On Monday night, when flames engulfed the cathedral’s roof, it was not just the famous spire that collapsed. So, too, did the president’s painstakingly prepared plans. On that very same night, Macron was scheduled to speak on a subject that has consumed the nation’s attention since last November: the protest demonstrations led by the so-called gilets jaunes, or yellow vests. Yet, upon learning in the early evening that the conflagration threatened to consume the cathedral, Macron canceled his address. “Like all of my compatriots,” he tweeted, “I am heartbroken to see this part of us burn.”
Both literally and figuratively, fires had already been burning in France. During this winter of social and economic discontent, the yellow vest protests, which had begun as a popular and peaceful movement, crystalized into smaller and frequently violent confrontations between a persistent hard core of protesters and police forces. They have turned Paris into a stage for what, in the dismissive phrase of Interior Minister Christophe Castaner, has become a “ritual” of violence wreathed in the smoke of tear gas cannisters and flaming tires and barricades.
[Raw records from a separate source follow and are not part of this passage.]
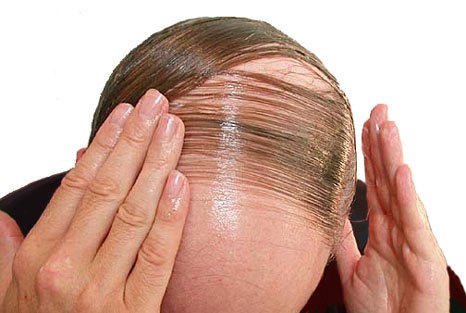  cure your baldness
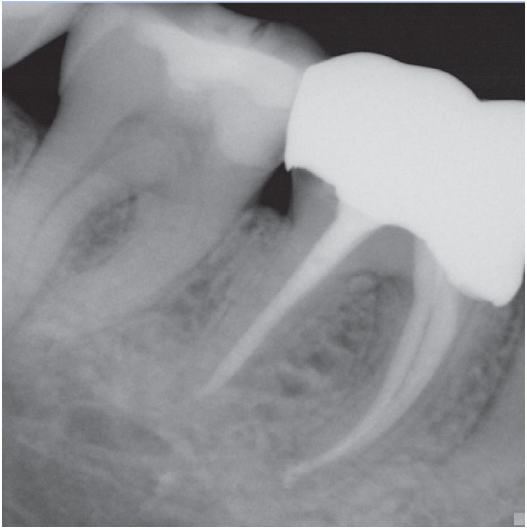 After Root Canal treatment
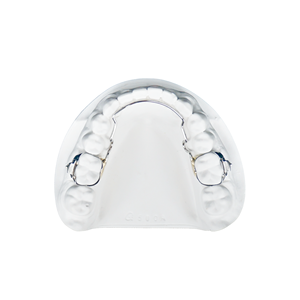 <span class=keywords><strong>Appareil</strong></span> d'expansion <span class=keywords><strong>dentaire</strong></span> amovible de classe II, plaque orthodontique en acrylique pour le redressement des dents, personnalisation - Product Image 5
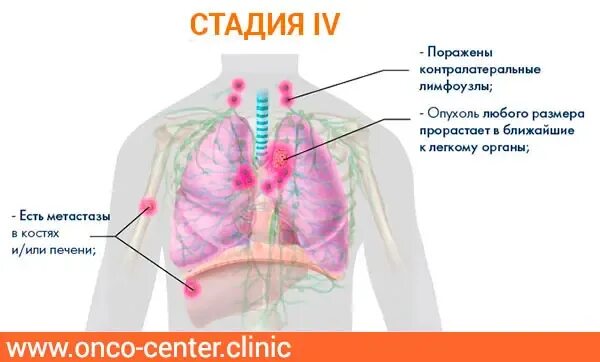 В лимфоузлах метастазы выживаемости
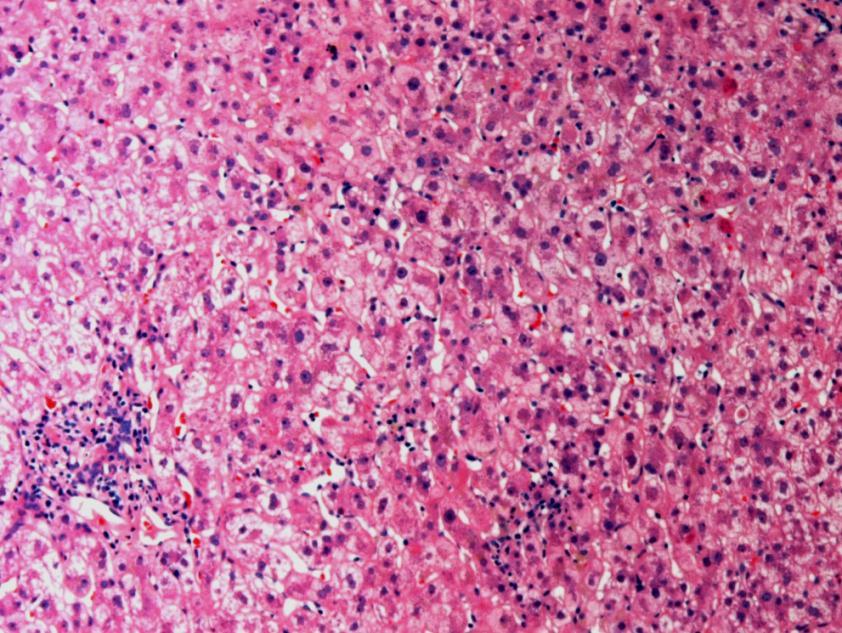 A 57 yo man, 7 months post liver transplantation for hepatitis C cirrhosis, presented with abnormal liver enzymes:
The French, however, are more conflicted than Castaner in their attitude toward the demonstrators. On the one hand, the clashes have tarnished the yellow vests’ brand. Last November, when the movement first burst on the scene, nearly three-quarters of the French public supported it. Yet as the violence has climbed, the public’s support has declined. But the polls cast a sharp and, for the government, disconcerting light on the nature of this decline. An Elabe poll from mid-March reveals that while only 24 percent of respondents support the movement, another 29 percent sympathize with its aims. No less unsettling for the government, while a vast majority (84 percent) of respondents condemn the movement’s use of violence, a just slightly smaller majority (74 percent) believes that social inequalities—the movement’s raison d’être—have worsened in France.
The persistence of the yellow vest demonstrations and the public’s sympathy for their aims eventually forced Macron into a corner. After two nationally televised speeches in December—one that offered a certain number of concessions, the other that proffered warnings against continued violence—both failed to quell the protests, Macron launched the so-called grand débat—a three-month-long series of debates, discussions, town halls, and talkfests whose purpose was to take the measure of the nation’s malaise and decide upon ways to alleviate it. In his own series of marathon meetings, sometimes as long as seven hours, with town mayors and managers, small business owners, and public intellectuals, Macron demonstrated a mastery of policy details and measure of physical stamina that were beyond doubt. The political commentator Thomas Legrand expressed the attitude of many colleagues when, after Macron’s first meeting, he declared that “whatever one might think of the president’s politics, [this] exercise in democracy was impressive and beneficial.”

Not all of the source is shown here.